GIVEN INFORMATION Start Marker

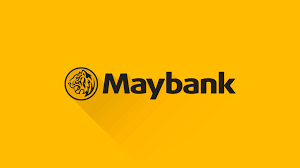 Check spelling or type a new query. Maybank Internet Banking Panduan Syarat Daftar Dan Aktivasi Lengkap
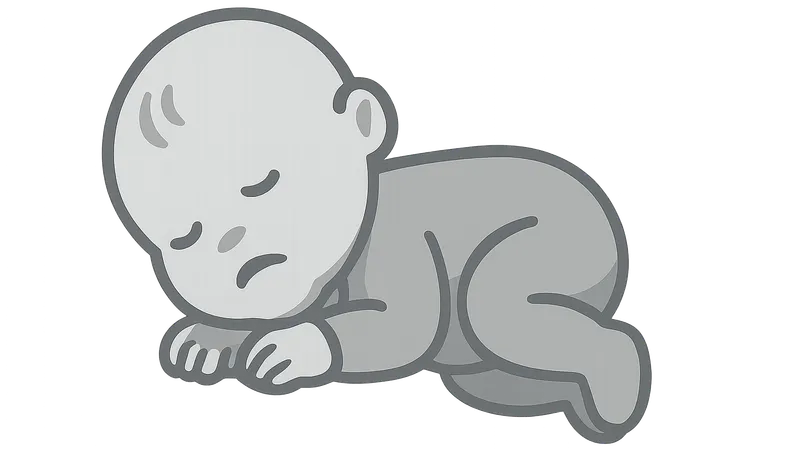 Sudden Infant Death Syndrome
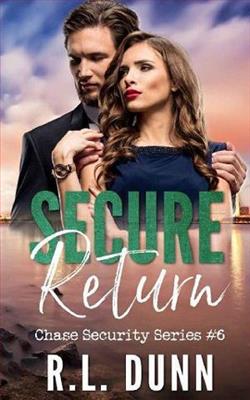 Secure Return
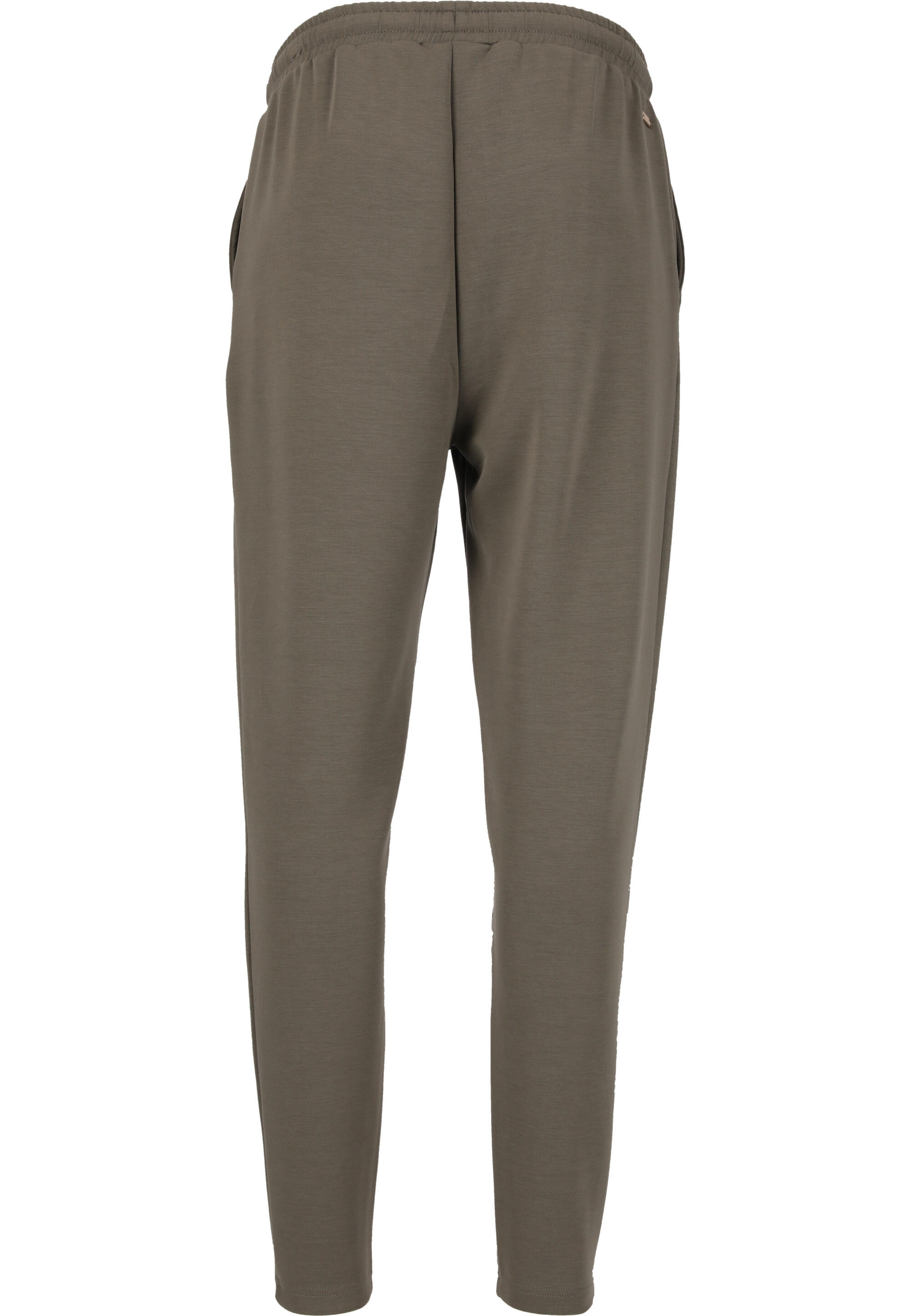 Sweatpants Jacey 2/5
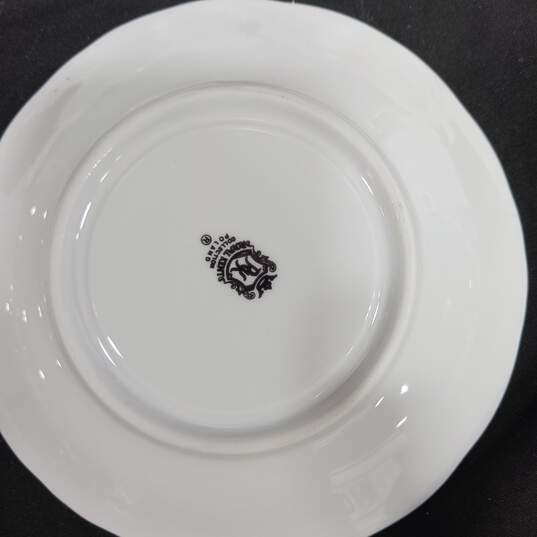 Royal Kent Collection Dinnerware image number 3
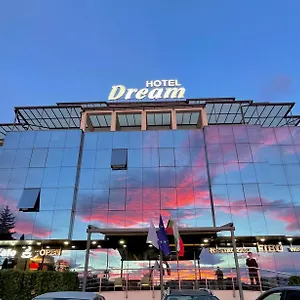 Dream 3* Sofya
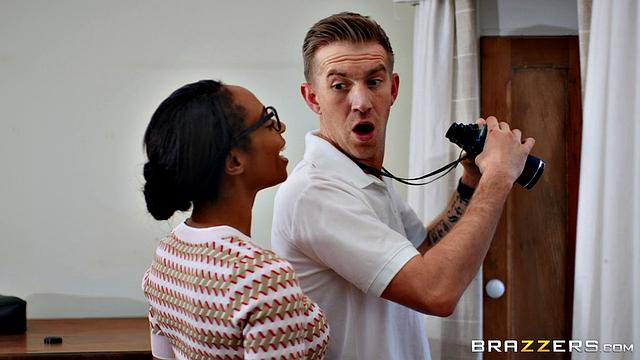 Covet Thy Neighbor's Assets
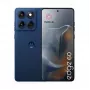Motorola Moto Edge 60 5G DS 8/256GB Pantone Gibraltar Sea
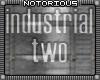 Industrial Two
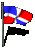 dominican_republic_fw_sc.gif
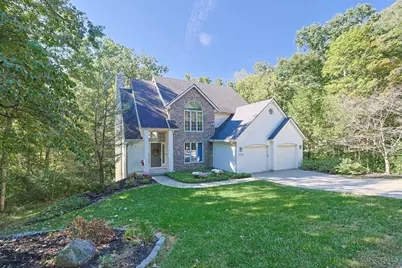 5748 Golf Crest Drive, West Chester, OH 45069 - Photo 1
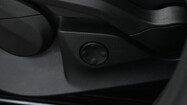 miniaturka - BMW X2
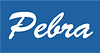 Pebra Reinigung GmbH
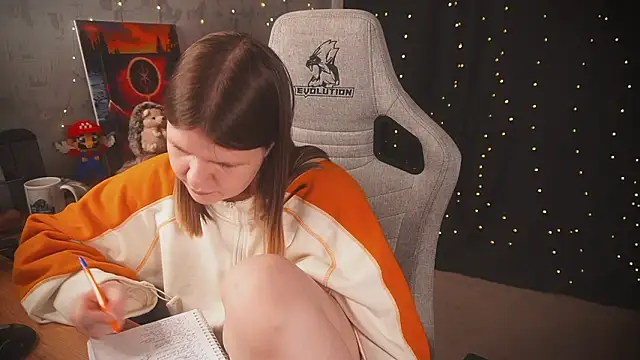 cuteamberlyyy live sex cam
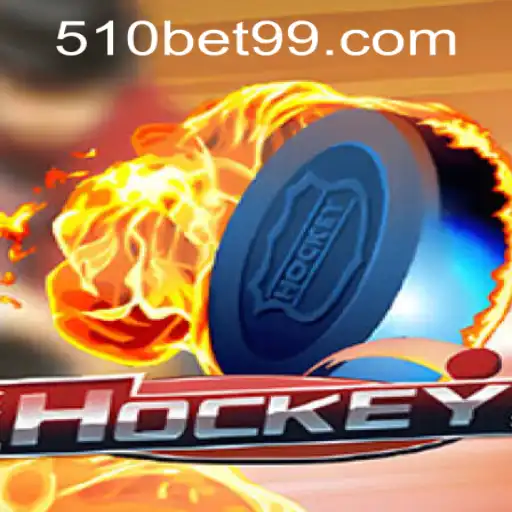 Exploring the World of Hockey and the Role of 510bet PH Login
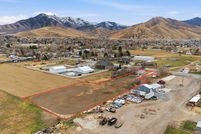 Land for sale in Tooele County, Utah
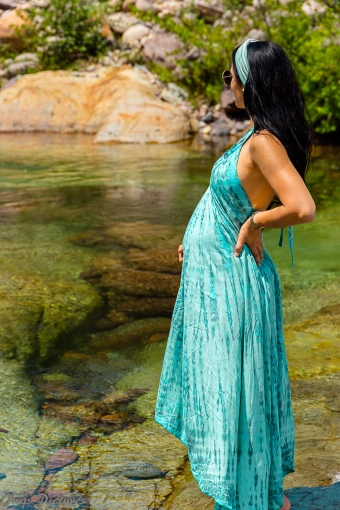 Photography, Portraits, Event, Nature, Artistic, Traditional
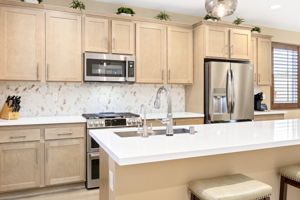 39320 Brunello Wy, Temecula, CA 92591, USA Photo 16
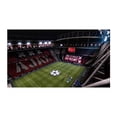 thumbnail image 4 of FIFA 21 Nintendo Switch Legacy Edition, 4 of 4
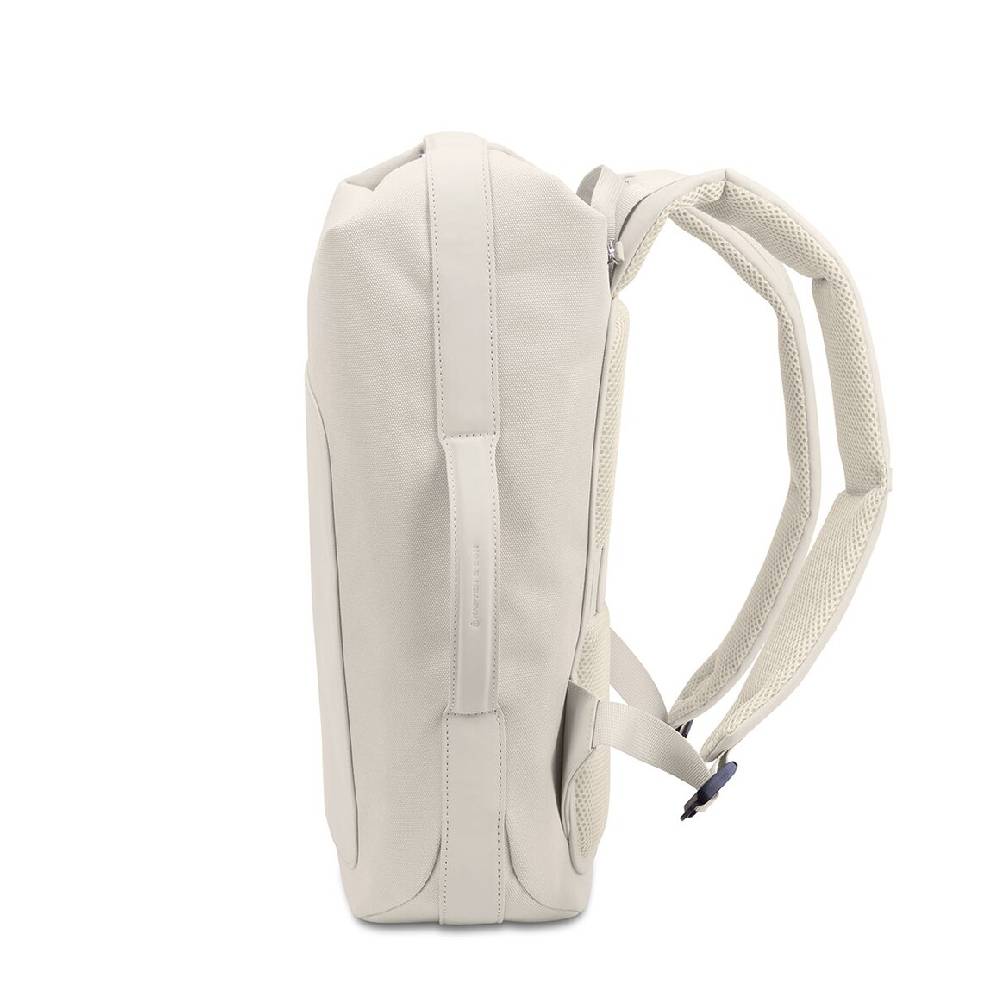 Kpten & Son Osby Sandstone Sonderangebot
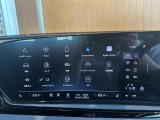 ◆全国納車可能です。納車方法及び費用につきましては、お気軽にコーディネーターまでご相談ください。遠方のご納車の際も我々がしっかりサポートさせて頂きます。お気軽にスタッフまでご相談下さい。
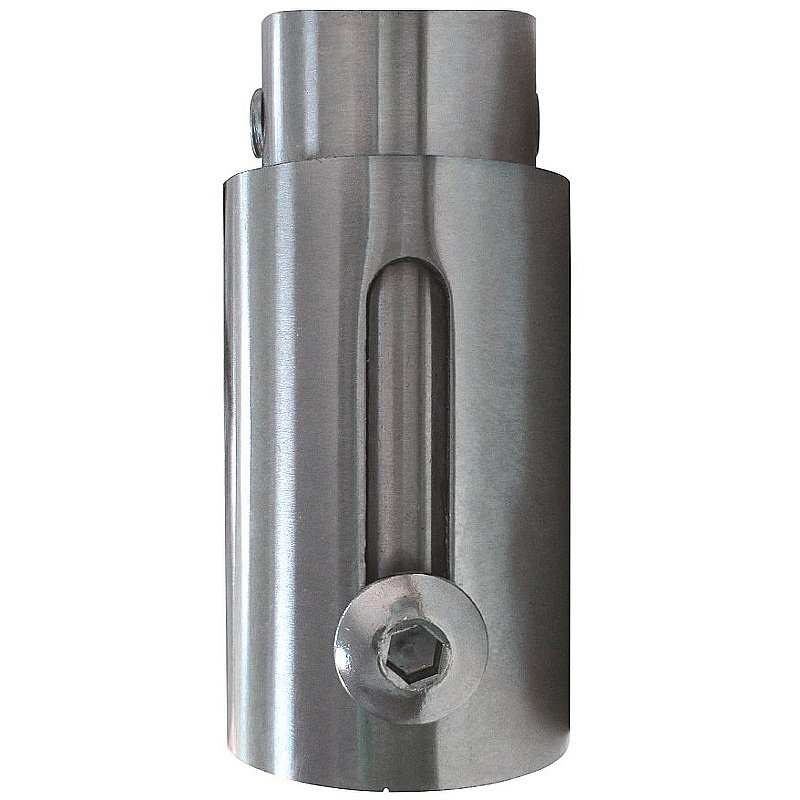 Полотенцесушитель Aquatek Лира П16 50х110 AQ KP1610CH хром купить в интернет-магазине сантехники Sanbest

GIVEN INFORMATION End Marker

Reprint each of the records exactly and skip the images.

 Check spelling or type a new query. Maybank Internet Banking Panduan Syarat Daftar Dan Aktivasi Lengkap
 Sudden Infant Death Syndrome
 Secure Return
 Sweatpants Jacey 2/5
 Royal Kent Collection Dinnerware image number 3
 Dream 3* Sofya
 Covet Thy Neighbor's Assets
Motorola Moto Edge 60 5G DS 8/256GB Pantone Gibraltar Sea
 Industrial Two
 dominican_republic_fw_sc.gif
 5748 Golf Crest Drive, West Chester, OH 45069 - Photo 1
 miniaturka - BMW X2
 Pebra Reinigung GmbH
 cuteamberlyyy live sex cam
 Exploring the World of Hockey and the Role of 510bet PH Login
 Land for sale in Tooele County, Utah
 Photography, Portraits, Event, Nature, Artistic, Traditional
 39320 Brunello Wy, Temecula, CA 92591, USA Photo 16
 thumbnail image 4 of FIFA 21 Nintendo Switch Legacy Edition, 4 of 4
 Kpten & Son Osby Sandstone Sonderangebot
 ◆全国納車可能です。納車方法及び費用につきましては、お気軽にコーディネーターまでご相談ください。遠方のご納車の際も我々がしっかりサポートさせて頂きます。お気軽にスタッフまでご相談下さい。
 Полотенцесушитель Aquatek Лира П16 50х110 AQ KP1610CH хром купить в интернет-магазине сантехники Sanbest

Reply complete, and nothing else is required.